I have a structure $\mathscr A$ with domain of discourse the set of even natural numbers N and a language of two predicate symbols r, s which are interpreted in the following way: $$ <a,b,c> \in r^{\mathscr A} \iff a + b + 2 = c \\ <a,b,c> \in s^{\mathscr A} \iff ab=c $$
I have to define the singleton sets {0}, {2}, {4}, {6} and {$n \in N$: n is an even number which is not divided by 4 }
My solution is the following:
$$ \phi_0(x) \equiv \forall y \ s(x,y,x) \\ \phi_2(x) \equiv \exists y(\phi_0(y) \land r(y,y,x)) \\ \phi_4(x) \equiv \exists y \exists z(\phi_0(y)\land \phi_2(z) \land r(y,z,x)) \\ \phi_6(x) \equiv \exists y(\phi_2(y) \land r(y,y,x)) \\ \phi_{\sigma} \equiv \exists y(\phi_4(y) \land \neg \exists z \ s(z,x,y)) $$
Is that a proper solution? Should there be anything else added?
Thanks in advance!
Right idea, but a small mistake, since you have the product as 4, but 4 should be a divisor.
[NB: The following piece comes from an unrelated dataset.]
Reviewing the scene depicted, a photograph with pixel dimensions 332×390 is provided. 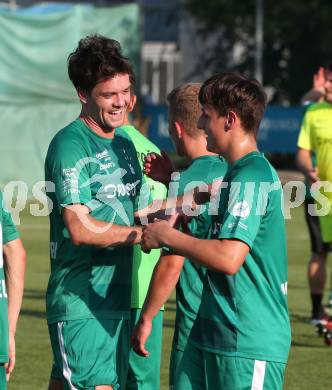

So:
$$\phi_{\sigma}(x) \equiv \exists y(\phi_4(y) \land \neg \exists z \ s(z,y,x)) $$
And while your idea certainly works, maybe the following is a bit more intuitive just because it puts the emphasis on the negation:
$$\phi_{\sigma}(x) \equiv \neg \exists y \exists z (\phi_4(y) \land s(z,y,x)) $$
You can also exploit the fact that your domain is all even numbers:
$$\phi_{\sigma}(x) \equiv \neg \exists v \exists w \exists y \exists z (s(v,w,y) \land s(y,z,x))$$